Lorsqu’Ici Même est paru sous la forme de longs chapitres à compter du numéro un de (À Suivre), cela a été un choc pour beaucoup, tant lecteurs que dessinateurs. Aviez-vous conscience, alors, de réaliser une œuvre marquante ?

Absolument pas. Nous nous contentions de « tenir la cadence », et ce n’était pas toujours le plus facile. Je me souviens de quelques négociations un peu orageuses avec Mougin pour qu’il réduise la pagination attribuée à notre histoire et allège ma charge de travail. Il y a eu aussi quelques bouclages épiques dans les premiers temps, dans les locaux du journal rue Madame, où il fallait faire un dessin en quatrième vitesse, boucher un trou, modifier un personnage, corriger une planche au dernier moment.

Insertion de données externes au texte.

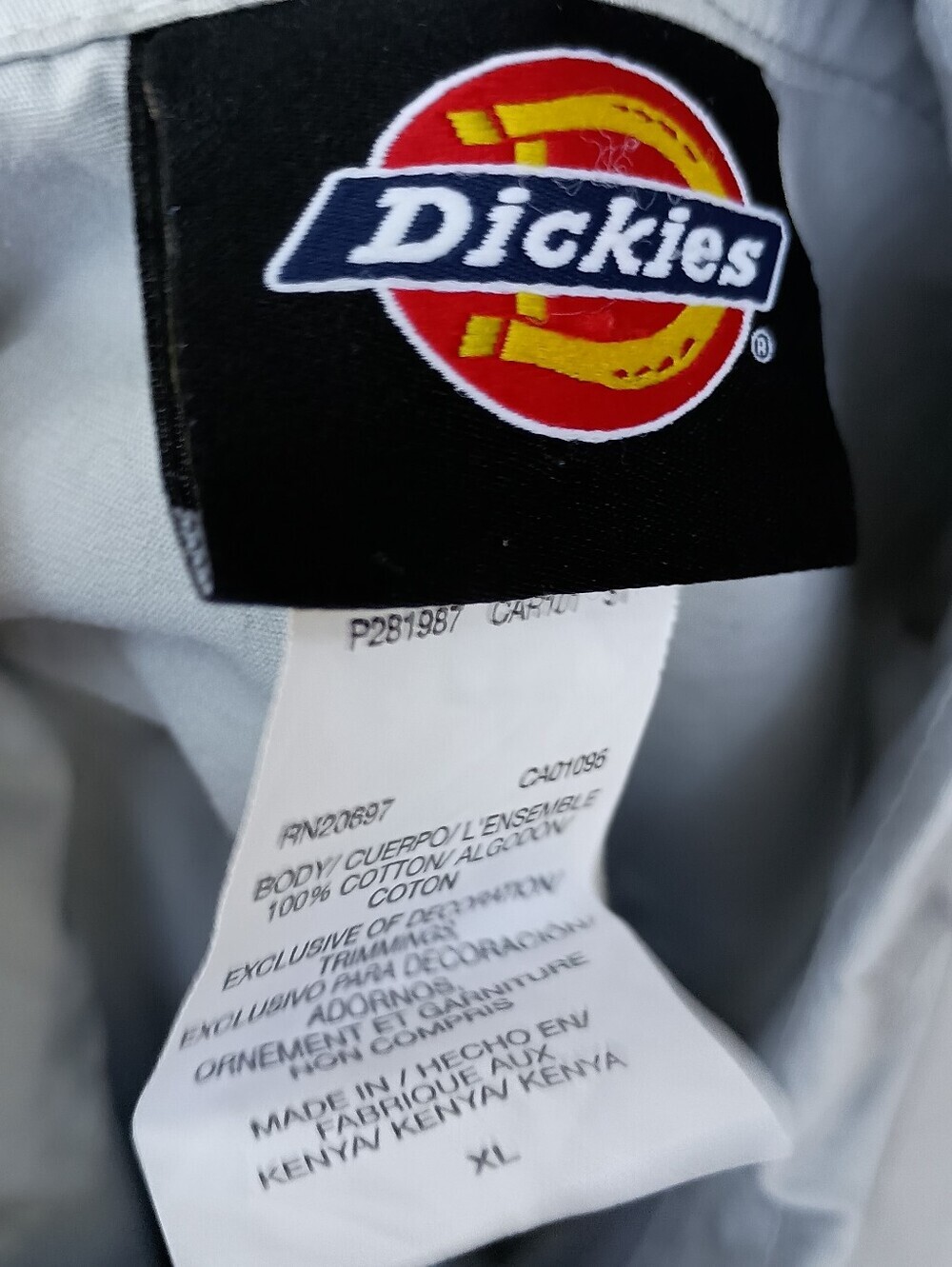 Dickies Classic Light Blue 100% Cotton Short-Sleeve Button-Down Shirt_XL - Picture 7 of 7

Tout ça se faisait à la gouache sur un coin de table. J’aimais bien cette ambiance, ce sont de bons souvenirs. Ce dont nous étions conscients en revanche, mais ce n’était pas spécifique à Ici Même, c’était de la nouveauté de cette formule de grands chapitres et de longs récits, de romans en bande dessinée qu’était en train d’inventer (À Suivre). Il y avait aussi un grand plaisir à échapper à la couleur, à revenir à la pureté du noir et blanc. Personnellement, je me sentais complètement à l’aise dans cette forme graphique-là.

Ici Même est votre seule histoire réalisée avec Forest, comment se fait-il qu’il n’y en ait pas eu d’autres ?

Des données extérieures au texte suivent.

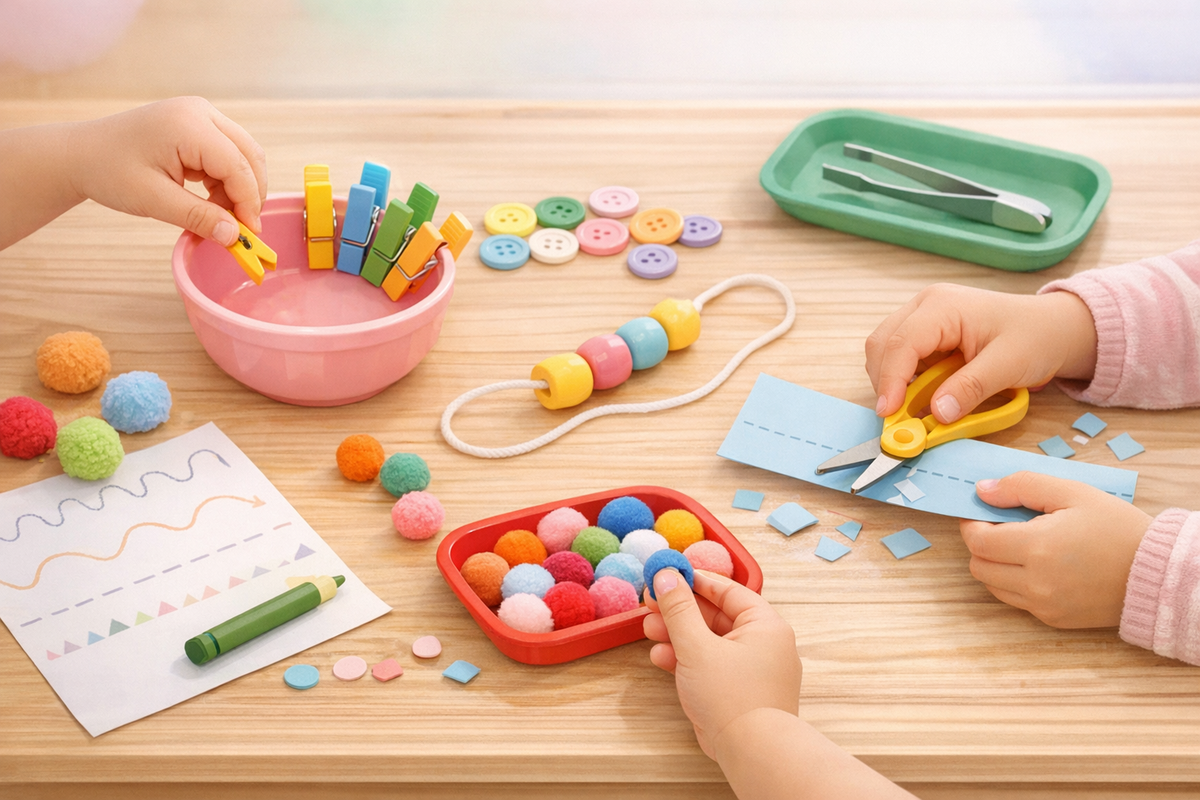 10 Easy Fine Motor Activities You Can Set Up in Minutes / Shop | Little ...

Il aurait pu y avoir autre chose, puisque Forest, après Ici Même, m’a proposé deux histoires : La Tôle, dont il avait rédigé un synopsis, qui se déroulait en banlieue autour d’une grande maison un peu mystérieuse, et une histoire de fantômes. J’avais accepté le principe de recommencer quelque chose ensemble, mais aucun de ces deux projets n’a été vraiment « poussé ». Forest et moi en avons reparlé de loin en loin, mais cela se heurtait aux travaux que nous avions en cours l’un et l’autre, à ses problèmes de santé, et finalement il a disparu sans qu’on ait l’opportunité de relancer vraiment un projet.

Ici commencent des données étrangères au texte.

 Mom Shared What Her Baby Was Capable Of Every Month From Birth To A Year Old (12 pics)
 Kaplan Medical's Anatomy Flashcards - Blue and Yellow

Deux noms reviennent constamment dans la bouche des anciens lecteurs lorsqu’on cite (À Suivre), le vôtre et celui de Pratt. L’avez-vous à cette époque ?

Un peu, mais nous n’avons jamais été intimes. J’aimais beaucoup son travail, je l’avais découvert comme beaucoup de gens en France dans Pif, que j’achetais uniquement lorsque s’y trouvait une bande de Pratt. Lors d’un voyage en Italie, j’étais même allé dénicher l’intégralité des numéros du Corriere Dei Piccoli où était paru en feuilleton La Ballade de la mer salée, en bichromie, numéros que j’ai ensuite fait relier à mon retour en France – c’est vous dire si j’appréciais… À l’époque d’(À Suivre), il y a eu quelques moments amicaux, en groupe, où Pratt était présent ; j’ai aussi le souvenir d’un dîner chez lui où il nous a préparé des spaghettis… Mais rien de plus. Je sais en revanche qu’il y avait entre nous une estime mutuelle. J’ai eu l’occasion, après sa disparition, d’entendre quelques extraits d’interviews où il faisait l’éloge de mon travail, c’était très touchant.

Après Ici Même, il y aura dans (À Suivre) C’était la guerre des tranchées, puis Nestor Burma ou Tueur de cafards, mais il faudra un moment en revanche avant qu’Adèle Blanc-Sec n’y fasse sa première apparition…

Jean-Paul Mougin s’y est longtemps opposé, il trouvait que le personnage n’y avait pas vraiment sa place, que le public de la série n’était pas celui du journal. Peut-être avait-il raison, mais quoi qu’il en soit, j’ai toujours estimé qu’il était préférable qu’un album soit précédé d’une pré-publication.

Y a-t-il quelque chose de la période (À Suivre) que vous regrettiez ?

Oui, que Maus d’Art Spiegelman n’ait pas été publié dans (À Suivre). Lorsque j’allais à New York il y a longtemps, j’habitais chez Spiegelman, et c’est moi qui avait fait l’intermédiaire entre lui et Mougin pour qu’ils se rencontrent, à l’époque où Spiegelman commençait à présenter son projet aux éditeurs français. Les premiers contacts avaient été bons, mais la relation entre eux ne s’est finalement pas ou mal établie. Les choses sont depuis rentrées dans l’ordre, puisque Casterman et l’éditeur français de Maus, Flammarion, font maintenant partie du même ensemble.